> **EXERCISE PROMPT**:
Output the full listing below exactly, without the pictures.

> **AVAILABLE DATA**:

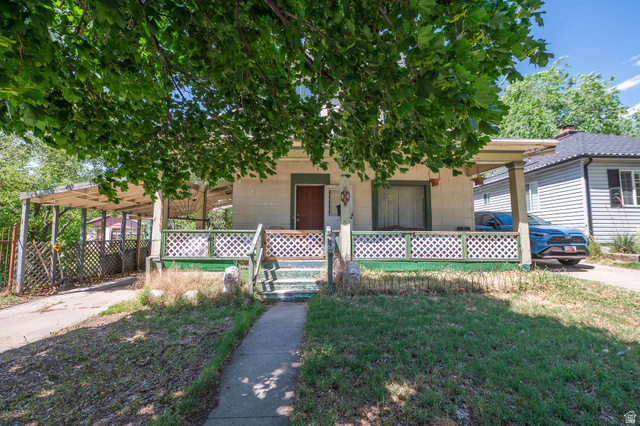 1256 24th Street Ogden, UT 84401 - Photo 2 of 34 Single-story residence featuring a covered front porch with lattice railing, a paved driveway, and a covered carport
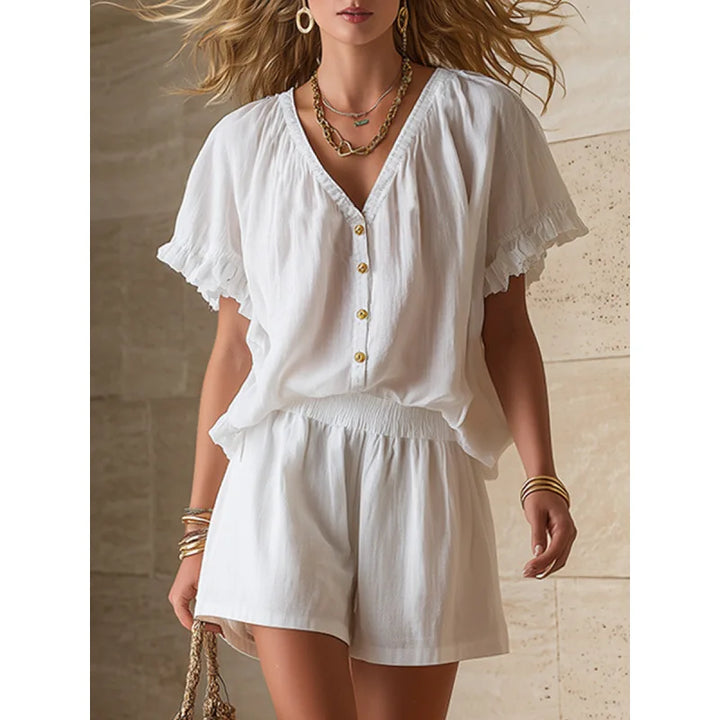 Stylish women's coordinate set: flutter sleeve top and shorts. An effortless two-piece casual outfit for warm days.
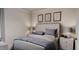 Comfortable bedroom featuring a large bed, stylish decor, and soft lighting for a peaceful and inviting atmosphere at 629 Emerald Bay Cir, Raleigh, NC 27610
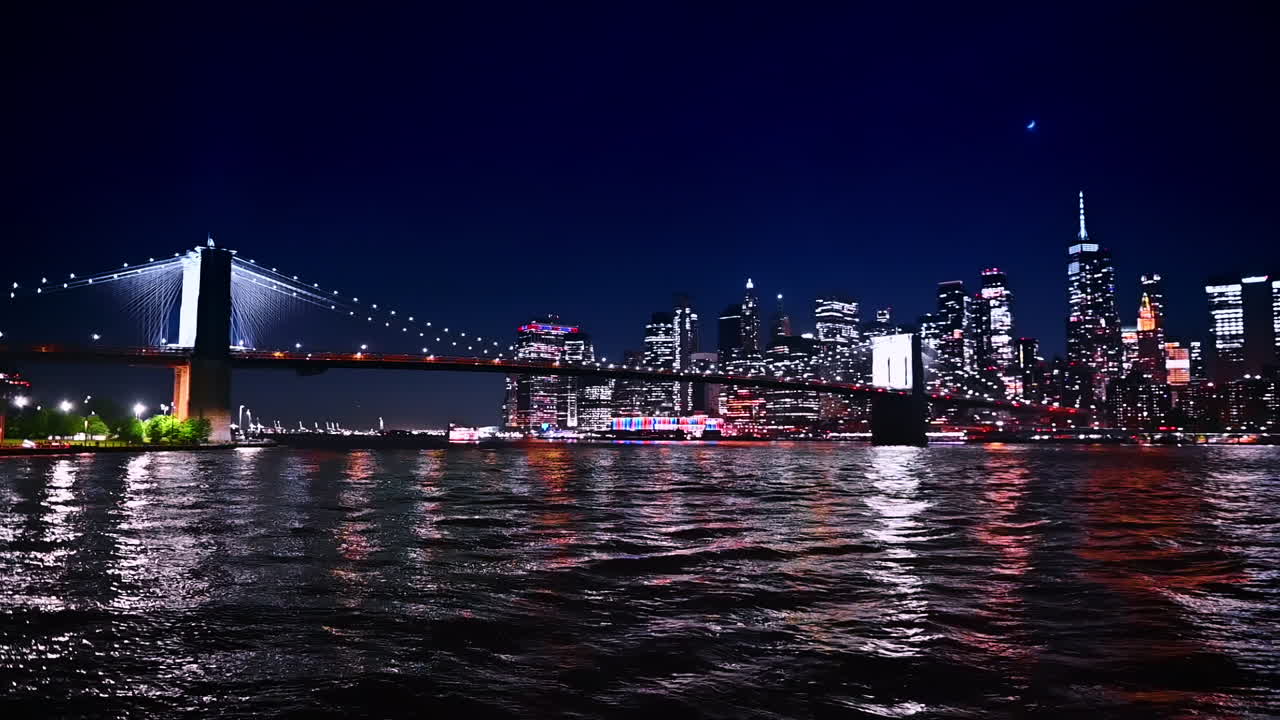 Dark waterscape of the river reflects multiple city lights of metropolis. Low angle view at the Brooklyn Bridge and New York skyline at night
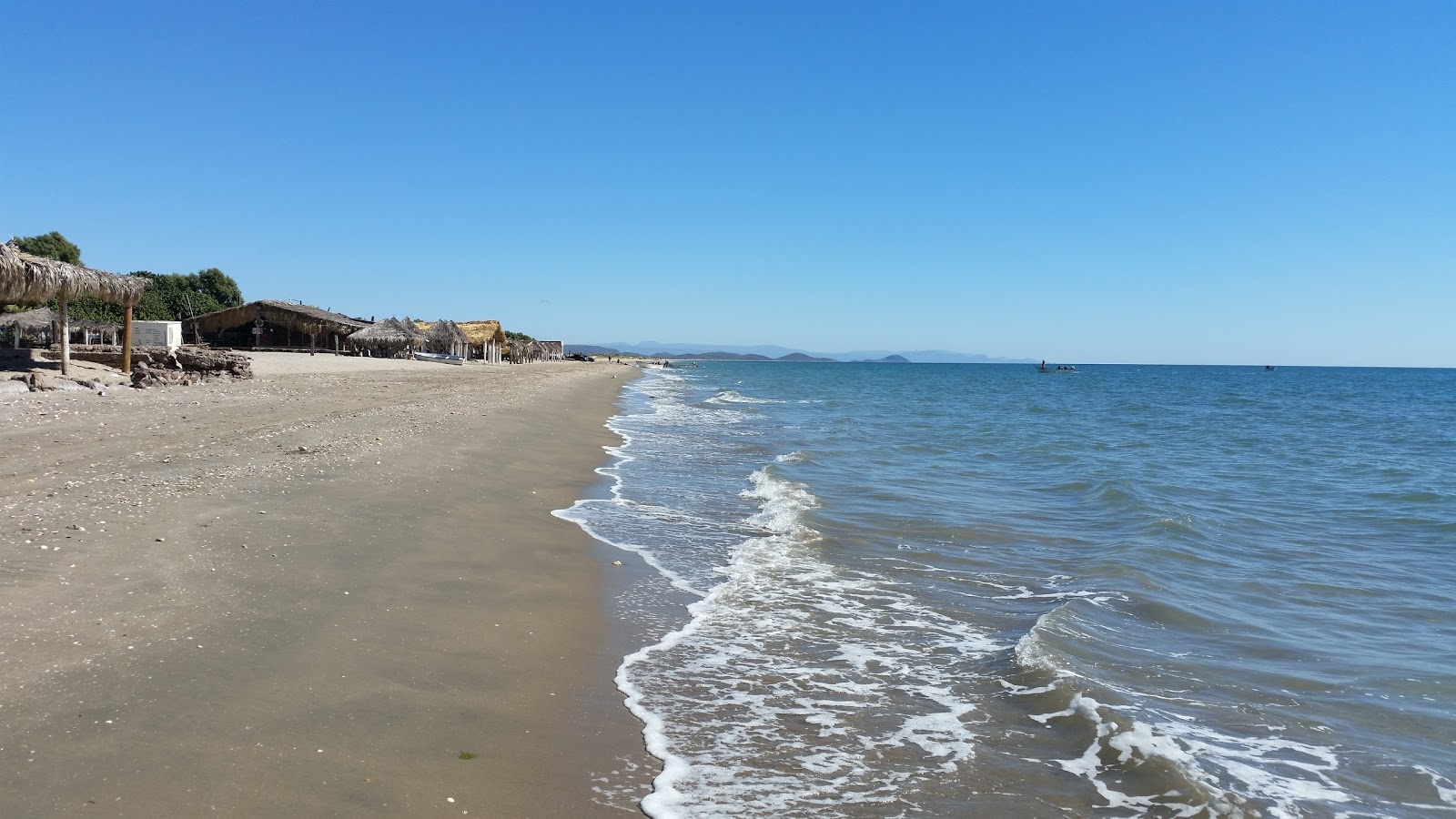 Zdjęcie El Cochorit beach z powierzchnią jasny piasek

> **RESPONSE**:
 1256 24th Street Ogden, UT 84401 - Photo 2 of 34 Single-story residence featuring a covered front porch with lattice railing, a paved driveway, and a covered carport
 Stylish women's coordinate set: flutter sleeve top and shorts. An effortless two-piece casual outfit for warm days.
 Comfortable bedroom featuring a large bed, stylish decor, and soft lighting for a peaceful and inviting atmosphere at 629 Emerald Bay Cir, Raleigh, NC 27610
 Dark waterscape of the river reflects multiple city lights of metropolis. Low angle view at the Brooklyn Bridge and New York skyline at night
 Zdjęcie El Cochorit beach z powierzchnią jasny piasek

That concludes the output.